I wanted to explore what it feels like to be the object of unwanted attention. I think it’s something that a lot of people will identify with, and that can happen so unexpectedly, and get out of control so quickly.
In reality, this usually occurs in a much milder version than my heroine, Clarissa, experiences. It could take the form of a direct confession of admiration from someone you don’t think of that way. Or maybe it’s just a hug that lasts a tiny bit too long. It could be a colleague you’ve hardly noticed before, or the partner of a friend. But somehow, a relationship you’ve barely given a thought to, has suddenly become unsettling.
In most cases the problem goes away when you say the attention isn’t welcome. But I couldn’t help but wonder, what if it doesn’t go away? What would that feel like? What would the story be then? The Book of You is one possible – and extreme – answer to this.
Q.: Have you ever been stalked yourself?
I’m extremely glad to be able to say that I haven’t. The first real readership I ever had was comprised of editors, and I talked to quite a few of them in the immediate days after my agent sent The Book of You out on submission. I was a little surprised that so many of them asked me this. Then I remembered that my agent had too, the first day we ever met, and I recalled how relieved he’d looked when I told him that the answer was no.
To my mind, Clarissa, and what happens to her, is so intensely the product of fiction that it never occurred to me that readers that would think her experiences were based on my own.
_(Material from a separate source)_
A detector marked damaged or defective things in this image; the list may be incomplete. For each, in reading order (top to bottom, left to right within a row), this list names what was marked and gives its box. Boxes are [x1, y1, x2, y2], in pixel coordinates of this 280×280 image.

Stalking is a deeply disturbing and upsetting and scary thing, and it really can take over the life of a victim. The options that somebody has in this situation are starkly limited. Clarissa does everything in her power to fight back, taking seriously any morsel of advice she can find. Readers may be frustrated by how narrow her options are – she certainly is. To be true to such subject matter, you can’t avoid writing a novel that is unnerving.
Q.: Tell us a little bit about your fascination with Samuel Richardson’s Clarissa and how your novel compares as far as plot and emphasis.
In England we have a radio programme called Desert Island Discs, where somebody famous chooses not just the pieces of music that matter most to them, but the one book they’d take with them if they were to be marooned. Clarissa is without a doubt the choice I’d make. This isn’t just because it would keep me busy for a long time – it’s one of the longest novels in the English language. Imagine all seven Harry Potter novels bound together as one, and you are on your way towards grasping Clarissa’s size. And the Harry Potter comparison is pretty apt, because Clarissa was a phenomenon in its time. Richardson’s readers were waiting eagerly for each of the seven volumes to be published. They were writing fan letters to the author about his characters’ fates and what they hoped would happen, trying to influence what the writer did next.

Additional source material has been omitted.